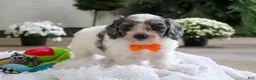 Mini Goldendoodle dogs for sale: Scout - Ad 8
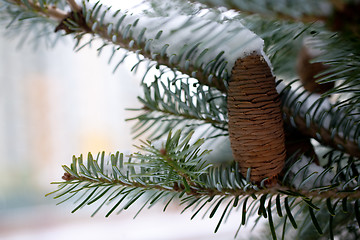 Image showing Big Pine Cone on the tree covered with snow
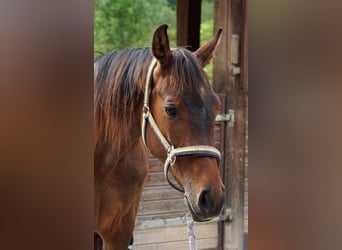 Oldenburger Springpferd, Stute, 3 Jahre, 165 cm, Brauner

○ ○ ○ ○ ○ ○ ○

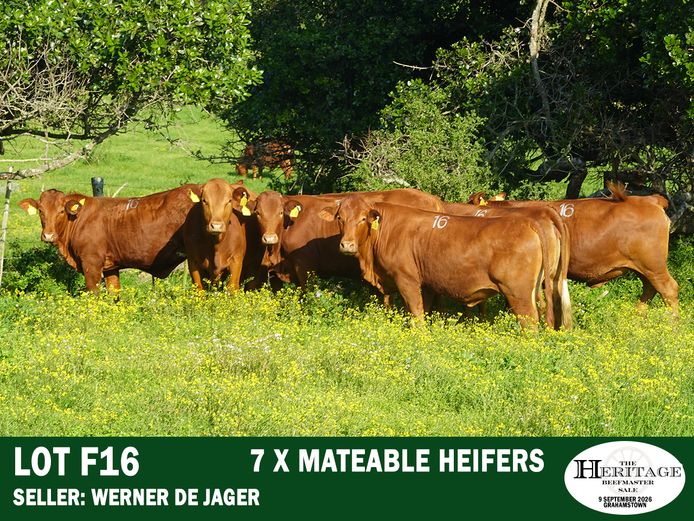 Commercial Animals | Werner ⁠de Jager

○ ○ ○ ○ ○ ○ ○

■ WORK REQUEST ■
Transcribe the lines above exactly, beginning at the one with "Image showing Big" and ending at the one with "Oldenburger Springpferd, Stute, 3". Include both; exclude the pictures.

■ ANSWER TO THE EXERCISE ■
 Image showing Big Pine Cone on the tree covered with snow
 Oldenburger Springpferd, Stute, 3 Jahre, 165 cm, Brauner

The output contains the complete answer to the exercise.